Did you know that an estimated 25 million Americans are living gluten-free? A gluten-free diet excludes foods containing gluten, a protein complex found in grains such as wheat, barley and rye. While millions of people suffer from celiac disease, non-celiac gluten intolerance or wheat allergies, many others have adopted a gluten-free way of life for a variety of other health-related reasons.
In honor of National Celiac Awareness Month this May, we spoke with Genevieve Sherrow to find out more about why going gluten-free is gaining popularity. Sherrow is an adjunct faculty member in Drexel’s Goodwin College of Professional Studies who teaches a class on gluten-free cooking and baking. She is also the author of Gluten-free Warrior, a therapeutic, whole foods cookbook. Read the Q+A here.
Drexel’s culinary program began offering gluten-free cooking and baking courses this past January to ensure that students are well-prepared to meet the needs of gluten-free consumers. Drexel currently has one of the only traditional culinary programs in the United States that offers gluten-free cooking education.
According to Drexel professor Chef Edward Bottone, these classes address a contemporary issue in the culinary market.

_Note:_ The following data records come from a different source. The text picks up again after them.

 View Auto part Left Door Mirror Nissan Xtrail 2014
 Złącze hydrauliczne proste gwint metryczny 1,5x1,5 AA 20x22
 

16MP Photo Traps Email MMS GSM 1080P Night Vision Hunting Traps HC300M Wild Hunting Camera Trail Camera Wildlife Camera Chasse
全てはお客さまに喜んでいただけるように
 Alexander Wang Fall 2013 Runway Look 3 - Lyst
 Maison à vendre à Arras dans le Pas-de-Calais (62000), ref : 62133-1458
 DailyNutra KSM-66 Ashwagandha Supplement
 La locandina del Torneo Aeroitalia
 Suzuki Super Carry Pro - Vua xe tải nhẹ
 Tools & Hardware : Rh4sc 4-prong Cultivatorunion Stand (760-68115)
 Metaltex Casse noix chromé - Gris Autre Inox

“Gluten avoidance has become a trend with many who have no sensitivity to gluten but adopt a gluten-free or gluten-limited diet for a perceived health benefit,” said Bottone. “Gluten-free cooking and baking have become increasingly less complicated in the past few years, thanks to the attention and media awareness afforded to gluten sensitivity and celiac disease.”
Bottone’s “A la Carte” course – in which students learn every aspect of kitchen and dining room management from menu creation to cooking, sanitation, marketing and customer service – will be offering gluten-free options on its May 30 lunch menu in the Academic Bistro (33rd and Arch Streets).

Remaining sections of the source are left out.